Второй пилот, безмолвно принимавший участие в нашем радиоразговоре, благодарно кивнул: «Медовый!»

Командир хорошо понимал, что чувствует в этом долгом интересном полете младший его напарник. Он полностью дал ему управленье. Сам только зорко посматривал за приборами.

Третий член экипажа — механик — тоже летал всего месяц. Он пробовал силы после училища. И на мальчишеском лице его читалось все, что испытывала душа. На борту были у него невидимые мне обязанности. Но вся энергия молодого механика выливалась в моменты, когда вертолет зависал и за механиком, прыгнувшим в дверь, было последнее слово: садиться или не садиться.

— Прямо как дирижер! — дружелюбно пошутил командир, когда на обратном пути в Дудинку мы садились у домика рыбаков.

Сам командир, Виктор Иванович Иценко, летает уже девятнадцатый год. И все тут, на Севере, — сначала в Якутии, теперь на Таймыре. Однообразная для новичка тундра ему знакома, как домашняя скатерть.

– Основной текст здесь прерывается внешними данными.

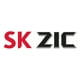 thumbnail image 3 of Aceite Motor Zic 10w40 X7 Sp Full Sintetico 1 Litro, 3 of 3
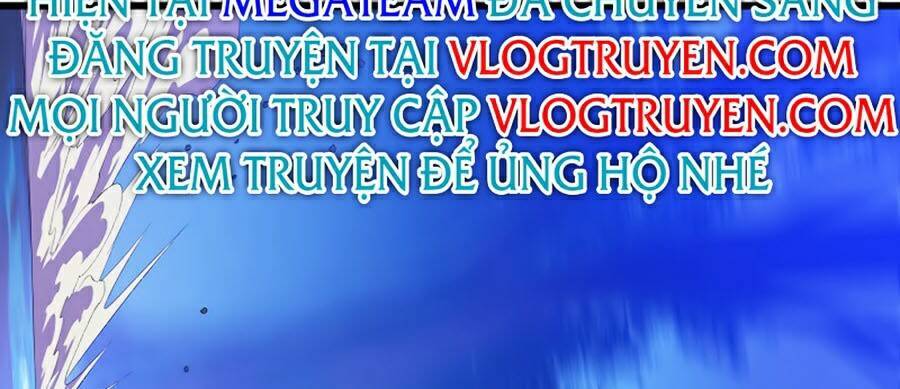 Tiêu Diệt Đấng Cứu Thế Chapter 54 - Trang 2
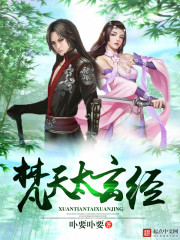 类似1616lu的网站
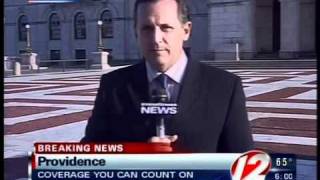 Famous GOP caucus supports Rep Watson as House Minority Leader Profile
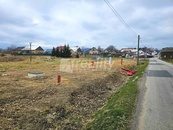 Prodej stavebního pozemku, Lhotka, cena 4799000 CZK / objekt, nabízí 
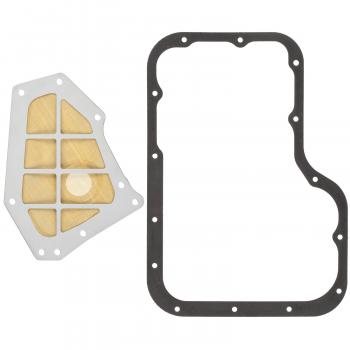 1990 Nissan Pulsar NX Auto Trans Filter Kit ATP TF117 image 1 of 1
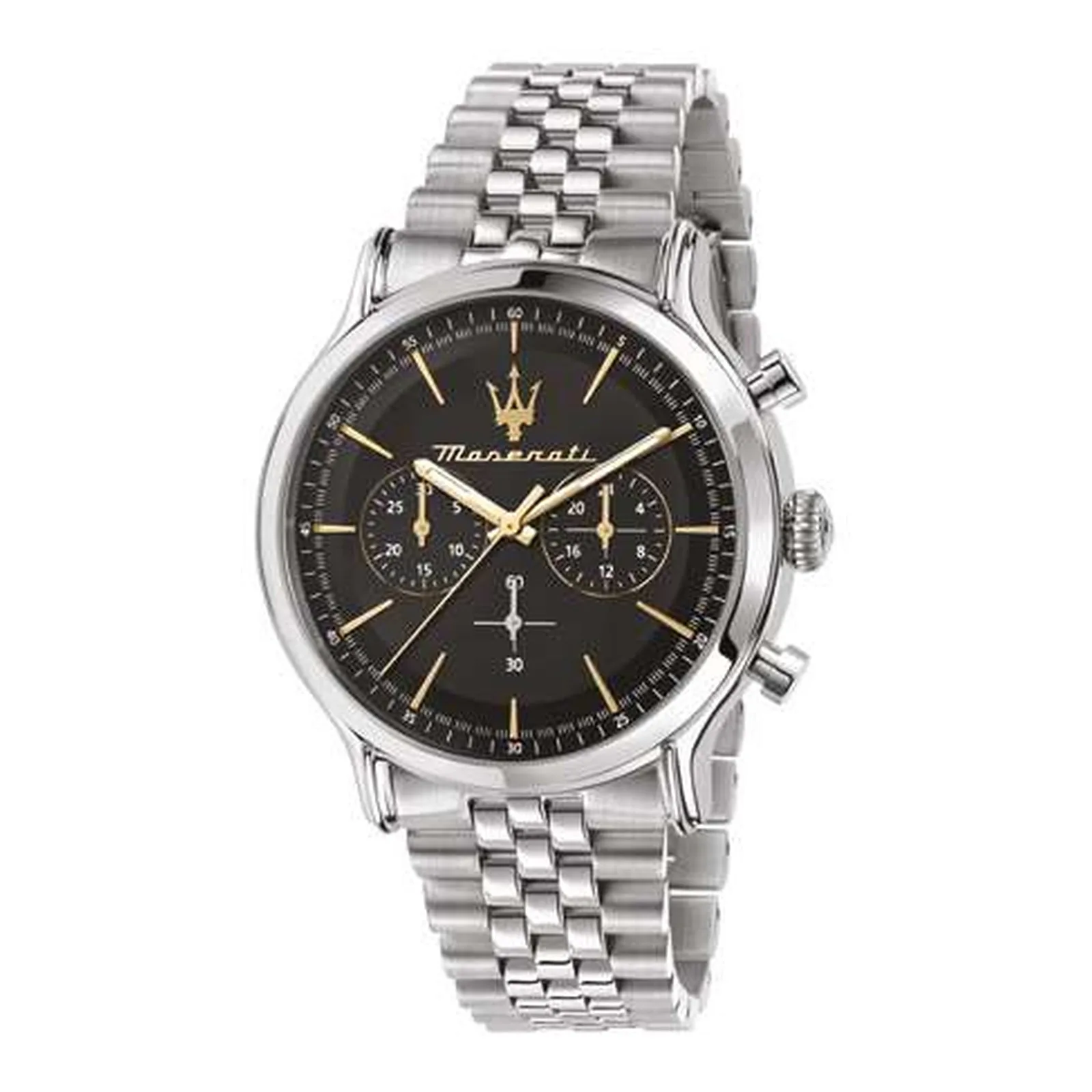 Maserati Epoca orologio R8871618016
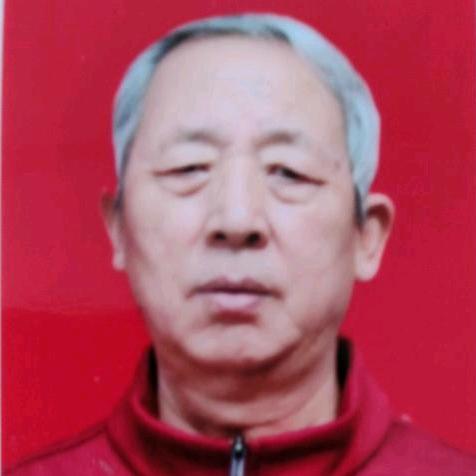 老吴爱旅游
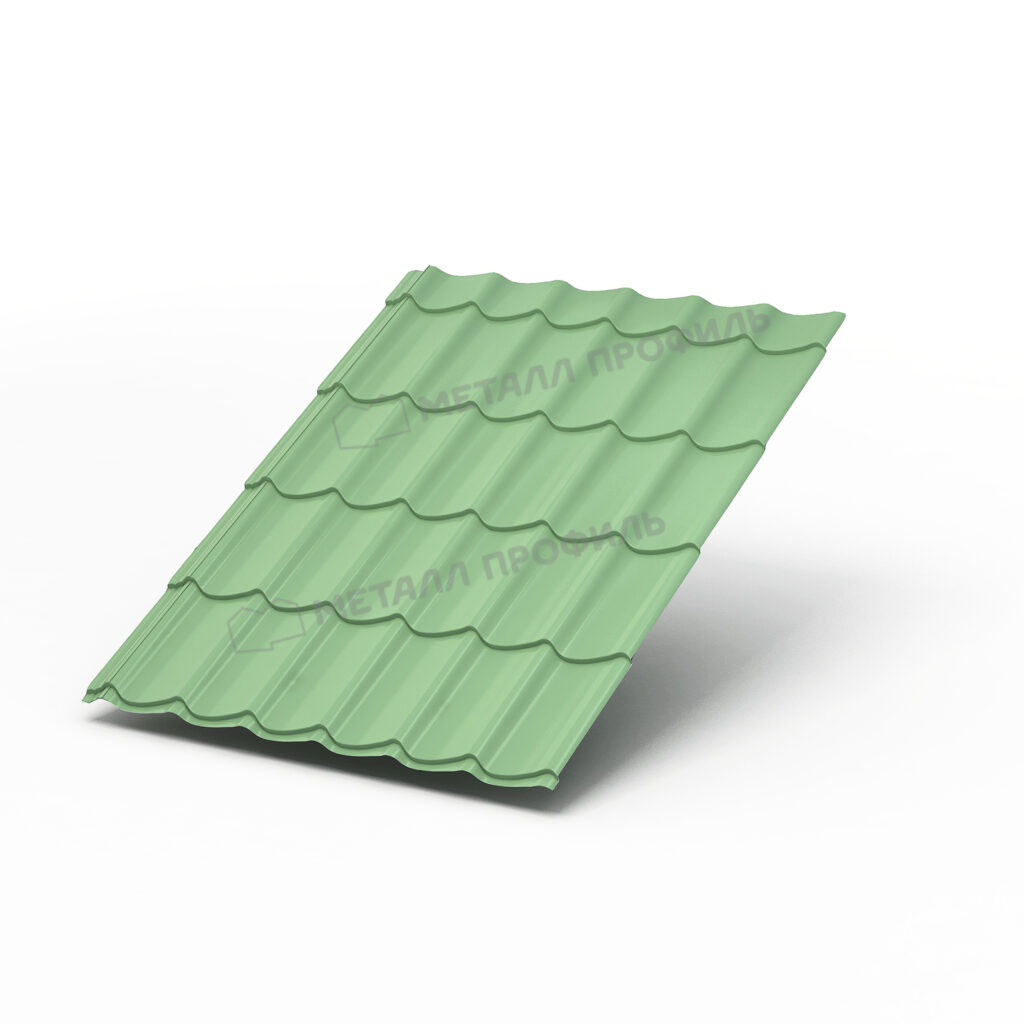 Основное изображение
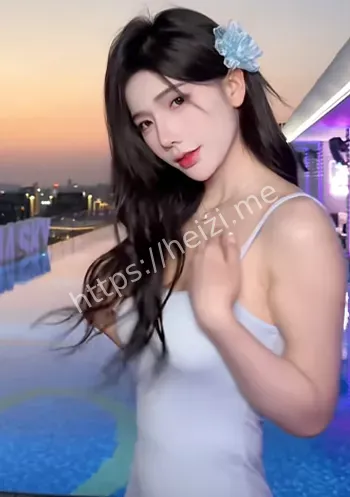 抖音监管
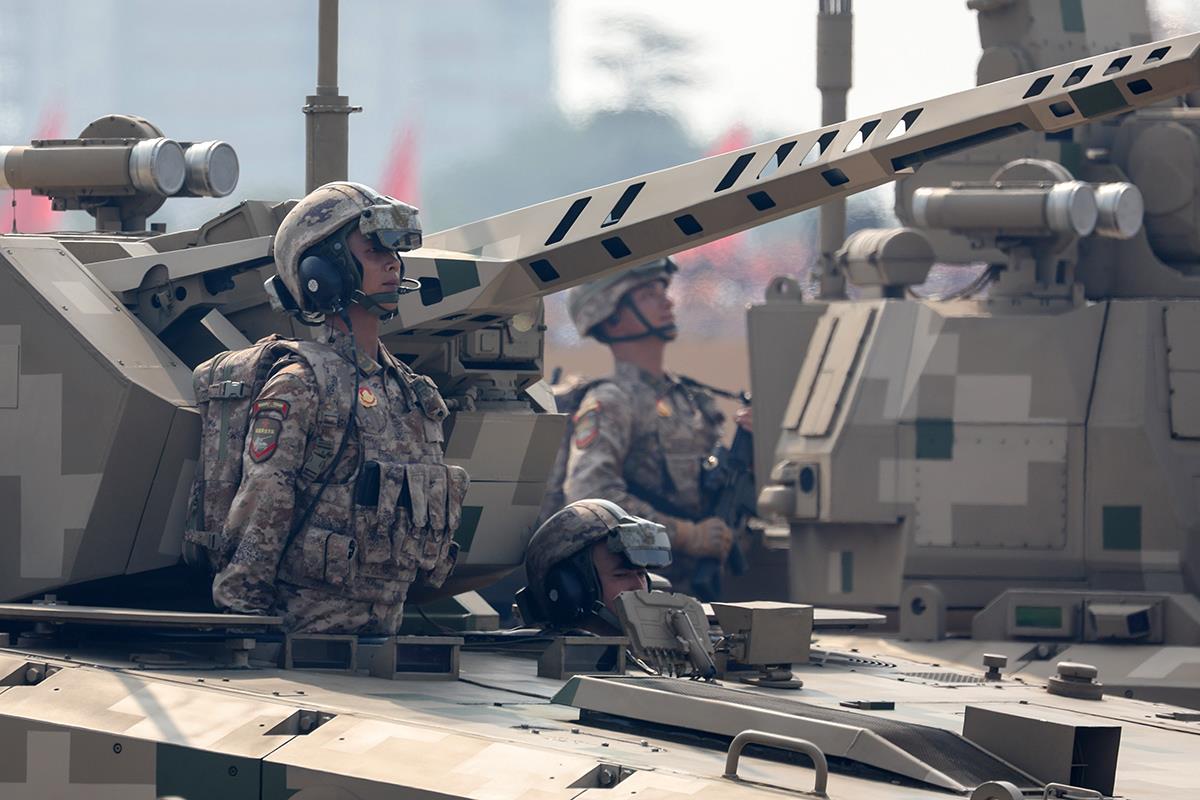 Vojna parada Kina oružje (28).jpg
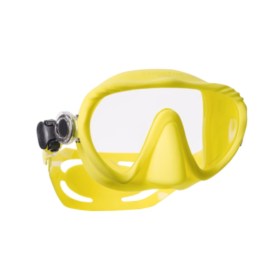 maschera-scubapro-ghost-giallo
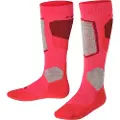 Falke SK4, Skisokker, Barn, Rose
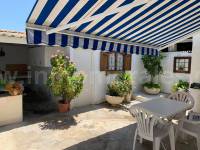 Coast and Beach - Country Villa   - Guardamar del Segura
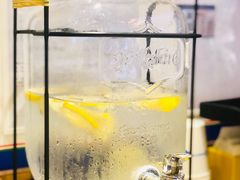 -Ice Monster冰馆·CNN评选全球十大甜品(国贸商城店)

— Юра, чуть влево, покажем гостю озеро с лебедями…

Минут через пять мы действительно видим взлетевших с синей воды белых птиц.

— Вот эти озера без рыбы — до дна промерзают. А то, небольшое — с рыбой… Как думаете, сколько верст до той вон красной горушки?.. Нет, ошиблись, не менее ста километров…

Родом командир из сельской лесной Черниговщины, с реки Остер.